*Your objective:* Leave the pictures in the listing below aside and reproduce exactly the lines starting with the one with "And that is" and going on through the one with "Similarly, you can", both ends included.

*Records to process:*
------------------------------
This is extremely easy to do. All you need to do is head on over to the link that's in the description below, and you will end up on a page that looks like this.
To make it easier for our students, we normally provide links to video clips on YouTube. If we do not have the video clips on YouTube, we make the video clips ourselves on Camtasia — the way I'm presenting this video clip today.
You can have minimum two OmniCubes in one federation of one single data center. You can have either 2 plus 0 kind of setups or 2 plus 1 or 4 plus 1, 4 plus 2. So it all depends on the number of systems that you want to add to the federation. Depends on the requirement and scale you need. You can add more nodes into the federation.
------------------------------
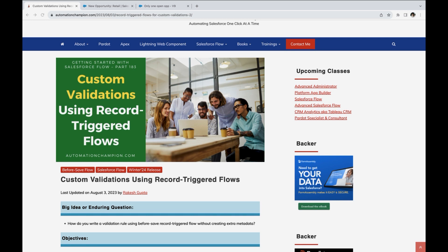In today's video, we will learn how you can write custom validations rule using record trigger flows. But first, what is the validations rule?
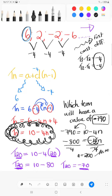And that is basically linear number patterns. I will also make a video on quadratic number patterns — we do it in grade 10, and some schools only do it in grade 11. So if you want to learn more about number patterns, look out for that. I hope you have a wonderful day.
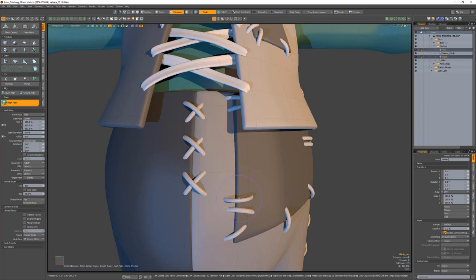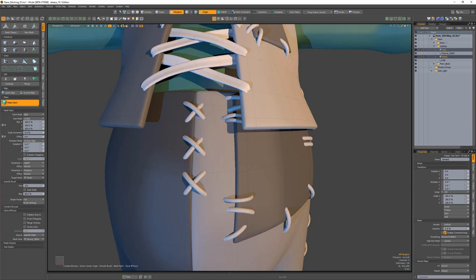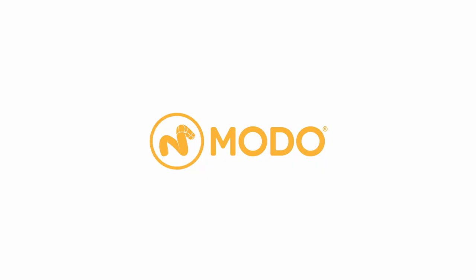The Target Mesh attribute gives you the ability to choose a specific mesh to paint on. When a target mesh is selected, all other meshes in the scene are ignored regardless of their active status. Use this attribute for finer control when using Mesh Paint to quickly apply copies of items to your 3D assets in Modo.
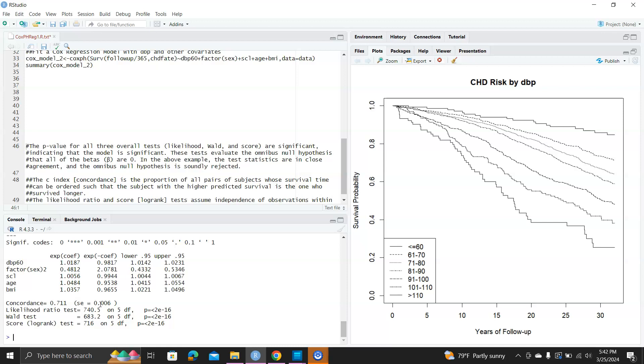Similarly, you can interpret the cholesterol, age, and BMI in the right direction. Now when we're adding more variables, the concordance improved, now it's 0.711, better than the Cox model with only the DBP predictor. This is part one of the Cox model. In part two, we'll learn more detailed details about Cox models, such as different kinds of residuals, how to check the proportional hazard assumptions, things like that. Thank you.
------------------------------
*Expected answer:*
And that is basically linear number patterns. I will also make a video on quadratic number patterns — we do it in grade 10, and some schools only do it in grade 11. So if you want to learn more about number patterns, look out for that. I hope you have a wonderful day.
The Target Mesh attribute gives you the ability to choose a specific mesh to paint on. When a target mesh is selected, all other meshes in the scene are ignored regardless of their active status. Use this attribute for finer control when using Mesh Paint to quickly apply copies of items to your 3D assets in Modo.
Similarly, you can interpret the cholesterol, age, and BMI in the right direction. Now when we're adding more variables, the concordance improved, now it's 0.711, better than the Cox model with only the DBP predictor. This is part one of the Cox model. In part two, we'll learn more detailed details about Cox models, such as different kinds of residuals, how to check the proportional hazard assumptions, things like that. Thank you.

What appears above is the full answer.